If you just want to chug and have tons of pickup options at your fingertips, then I say 6 string baritone.


----------



## MSS (Dec 19, 2019)

I avoided 7 strings for a long time and then I bought one. I was surprised at how easy the adjustment was. I rarely play my 6 strings anymore even for stuff I don’t need a 7 for.


----------



## duffbeer33 (Dec 19, 2019)

I do think they sound different, but perhaps just personal opinion -- to me the snarl of a baritone sounds meaner than a 7. Depends on the style you want to play. The D'Addario Light baritone gauges are 62-13, so for me, I like the sound of big chunky chords that come out of it. For faster, thrashier style riffs, I'd prefer thinner strings, so something like slinkys on a 7-string. That might somewhat contradict prior posts, but that's my experience. I strongly suggest taking a look at some used PRS Mushok baritones.


----------



## toner (Jan 1, 2020)

professionalism666 said:


> Hello everyone,
> Im new to this forum and can really use your advice on this.
> 
> If i want to play dropped A tunning, i have 2 options, either getting a 6 strings baritone guitar with of course thicker strings OR just 7 strings and dropping the low string one step back to A.
> ...



Many variables here.

I have a 26.5" 6-string, 25.5" seven strings and had a 27" seven string.

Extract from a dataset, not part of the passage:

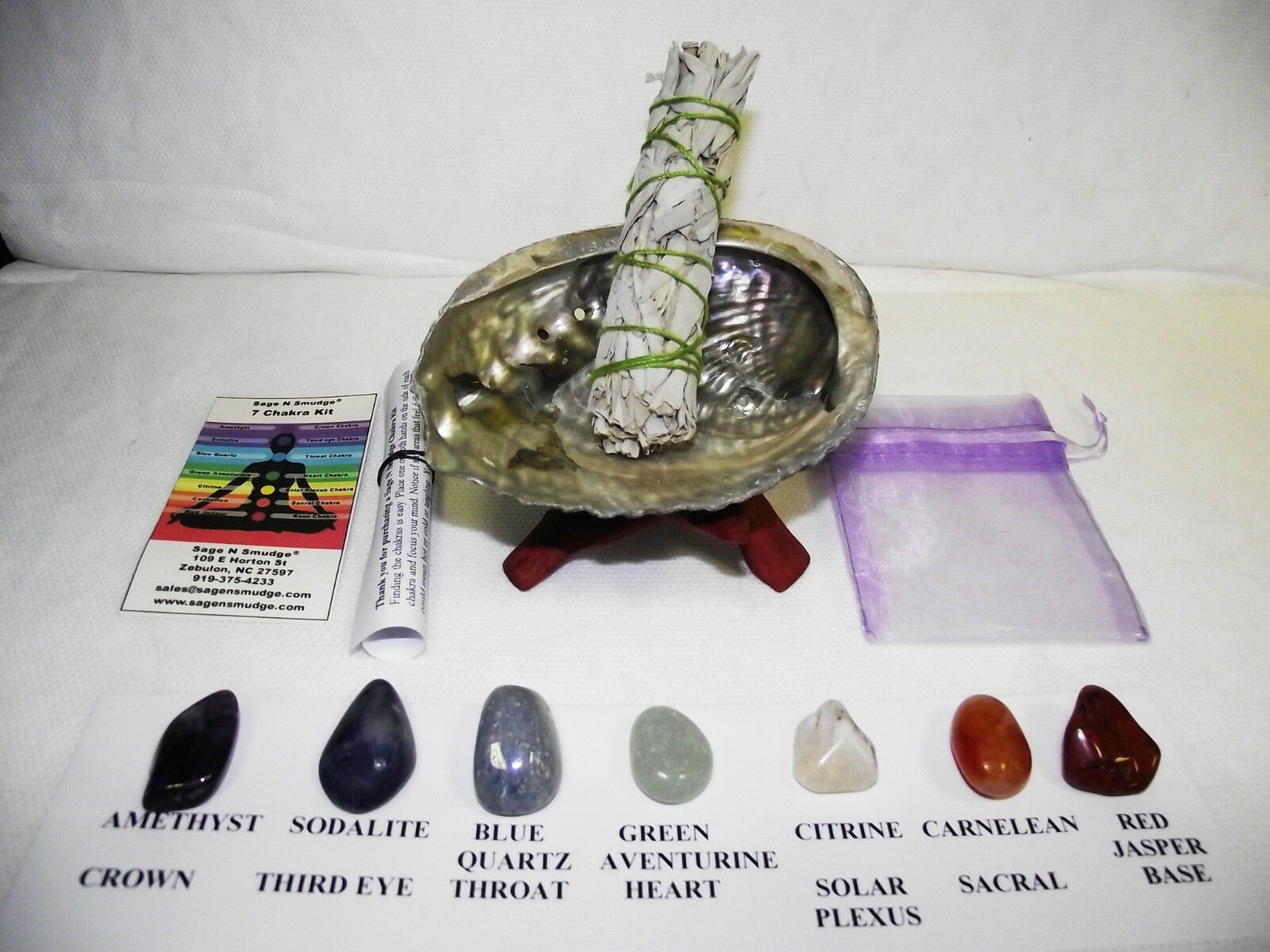 Smudge Kit Chakra Kit With Abalone Shell Stand Sage And 7 Chakra Crystals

The longer scales allow to use a lighter string gauge set which gives a somewhat clearer tone. 25.5" scale guitars tuned down require thicker strings/warmer tone.


----------



## chugzilla (Jun 15, 2022)

ok so i see its been over 2 years since the last reply.....i own both a schecter 2008 c-7 and a 2019 dean icon baritone....13-62 came on the baritone and the 7 string i put on 10-60 dunlop heavy core....in my opinion having both here at my house the baritone sounds way better in standard b and dropped a tuning....and i was shocked by that and on schecters site they say the c-7 should have 10-56 strings so im even heavier than they come with and the baritone sounds alot better...and for me personally getting used to the thicker neck on the 7 string is alot harder ... my left arm hurts for hours everytime im done playing it....no pain at all with the baritone...so ill be returning the 7 string to GC...hope this helps tc all n have a good day-year


----------



## CanserDYI (Jun 15, 2022)

chugzilla said:


> ok so i see its been over 2 years since the last reply.....i own both a schecter 2008 c-7 and a 2019 dean icon baritone....13-62 came on the baritone and the 7 string i put on 10-60 dunlop heavy core....in my opinion having both here at my house the baritone sounds way better in standard b and dropped a tuning....and i was shocked by that and on schecters site they say the c-7 should have 10-56 strings so im even heavier than they come with and the baritone sounds alot better...and for me personally getting used to the thicker neck on the 7 string is alot harder ... my left arm hurts for hours everytime im done playing it....no pain at all with the baritone...so ill be returning the 7 string to GC...hope this helps tc all n have a good day-year


I'm sorry man but you resurrected an old thread that's almost verbatim to another thread that's literally right underneath this one that's actively being conversed in. Might want to post on that one.


----------



## chugzilla (Jun 15, 2022)

haha thx man i just joined and found this thread by doing a google search


----------